Sokrates için dînsizlik, önceden tasarlanıp uydurulmuş bir bahânedir, oligarşik devletin asıl niyeti, kafa yoran fikirleriyle evlere kadar giren bir mülksüzün susturulmasıdır. Ancak, yönetici zengin sınıf için Sokrates’in gerçek bir tehdit unsuru olmadığı da muhakkaktır; alt tabakadan olmasına rağmen, sadece yaşam tarzıyla, küstahlığıyla ve kibriyle kent düzenine rahatsızlık vermişti. Âdetâ bir satir gibi yaşıyordu ( Şölen, 215 b ve d ), ahbâbından pek çoğunun da muteber eşhâs olmadıkları kesindir. Bundan olsa gerek, Platon’un yazdığına nazaran, Sokrates kendisi için at sineği metaforunu kullanmıştır ( Savunma, I. 30 E ). Bilindiği gibi, at sineği, atların sıhhatine zarar vermemekle birlikte onları sadece rahatsız eden bir haşeredir.  

*** 

Dînsizlik nedeniyle hakkında idâm cezâsı verilmesi ise, muhtemelen istisnâî bir karardı. Dînsizlik ithâmıyla Protagoras’ın kentten kovulup kitaplarının yakıldığı, Diagoras’ın ve Anaksagoras’ın sürgüne gönderildikleri söylenir. Ancak, sanık, Sokrates gibi herkesi rahatsız eden küstah bir mülksüz olunca, bu defa suç ve cezâ arasındaki illiyet kimsenin umûrunda olmayacaktır.  Kentin ahâlîsini yaşam tarzıyla rahatsız eden bu adama öyle bir cezâ verilmeliydi ki, ona verilen cezâ başkalarına da ibret olmalıydı. Cezâ ibret olacaksa, sürgün kâfî değildi.
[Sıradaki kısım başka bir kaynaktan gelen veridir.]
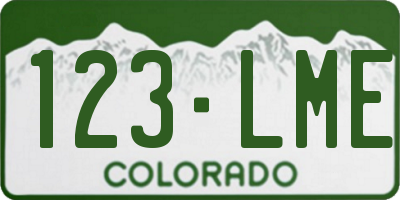 CO license plate 123LME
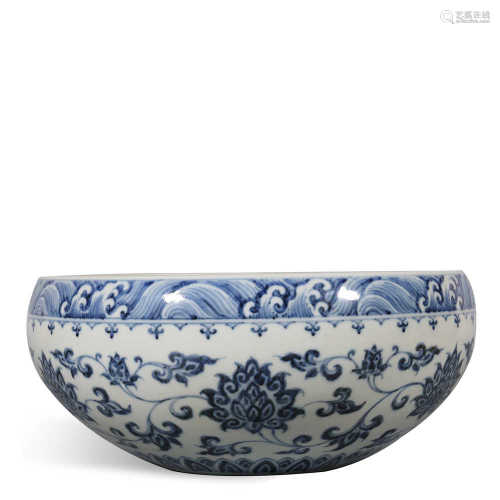 Blue and white lotus bowl in Ming Dynasty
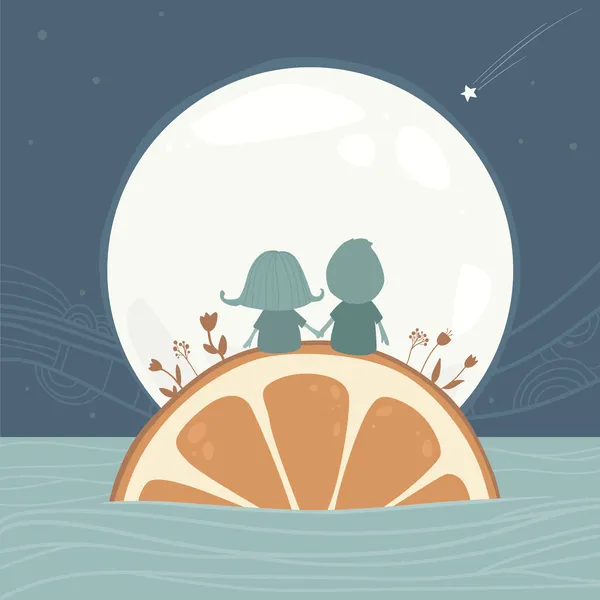 Счастливая симпатичная влюбленная пара сидит на апельсине и смотрит на луну и ночное небо — стоковый вектор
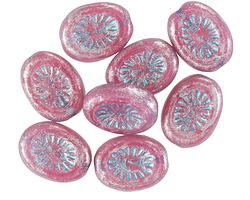 Czech Glass Wild Orchid w/ Silver Wash & Turquoise Oval Star Window 14x10mm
Ayrıca, sürgüne gönderilen bir kişinin mallarına hukukan el konulduğundan, parasız ve mülksüz Sokrates’e sürgün cezâsı verildiği takdîrde, bu cezânın infâzının fiilen imkânsız olduğu ve yeni bir hukukî sorun çıkaracağı da muhakkaktı. Geriye suç ile nisbetsiz idâm cezâsı kalıyordu. Bu nedenle, Sokrates’e verilen idâm cezâsı, trajik değil, trajedinin bir parodisidir.        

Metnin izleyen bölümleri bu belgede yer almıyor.